━━ SUPPLIED RECORDS ━━

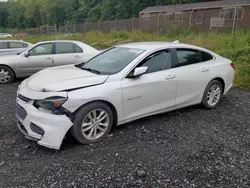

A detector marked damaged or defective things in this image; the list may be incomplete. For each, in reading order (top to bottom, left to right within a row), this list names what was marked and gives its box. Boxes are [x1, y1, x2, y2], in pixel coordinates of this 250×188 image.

crumpled hood [26, 64, 109, 92]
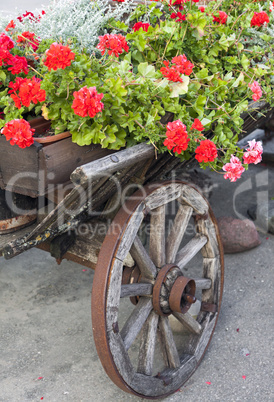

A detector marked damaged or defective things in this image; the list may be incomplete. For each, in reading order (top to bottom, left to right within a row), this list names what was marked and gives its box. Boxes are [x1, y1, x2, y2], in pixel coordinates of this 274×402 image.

rusty metal hub [153, 264, 196, 318]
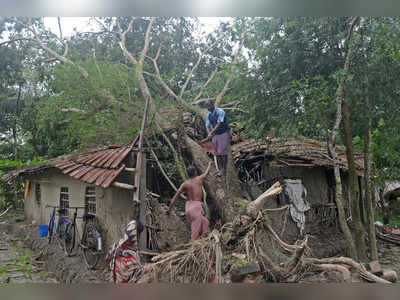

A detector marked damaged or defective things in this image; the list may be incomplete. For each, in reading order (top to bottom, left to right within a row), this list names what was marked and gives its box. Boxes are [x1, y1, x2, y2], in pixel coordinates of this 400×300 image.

damaged roof [0, 145, 135, 189]
damaged roof [231, 137, 366, 173]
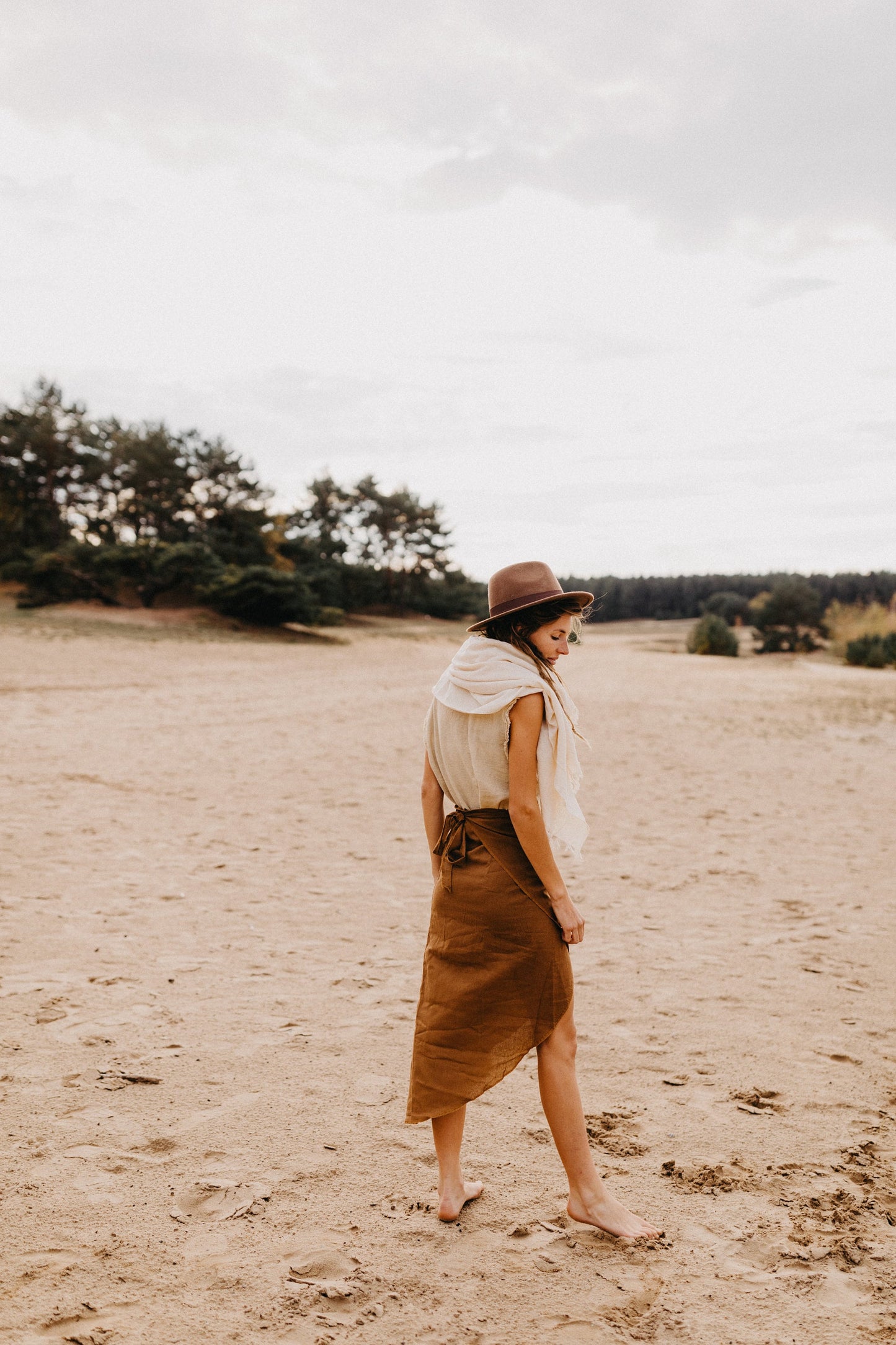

━━━

Please repeat all of the data exactly as it stands, leaving the pictures out.

A detector marked damaged or defective things in this image; the list may be incomplete. For each, in reading order (top to bottom, left to right within a row), this list names what was marked and gives its box. Boxes are [x1, y1, x2, y2], in pixel coordinates of this 250×188 image.

crumpled hood [26, 64, 109, 92]

A detector marked damaged or defective things in this image; the list may be incomplete. For each, in reading order (top to bottom, left to right within a row), this list names what was marked and gives its box. Boxes are [x1, y1, x2, y2], in pixel coordinates of this 274×402 image.

rusty metal hub [153, 264, 196, 318]

A detector marked damaged or defective things in this image; the list may be incomplete. For each, in reading order (top to bottom, left to right within a row), this list names what was marked and gives its box. Boxes are [x1, y1, x2, y2], in pixel coordinates of this 400×300 image.

damaged roof [0, 145, 135, 189]
damaged roof [231, 137, 366, 173]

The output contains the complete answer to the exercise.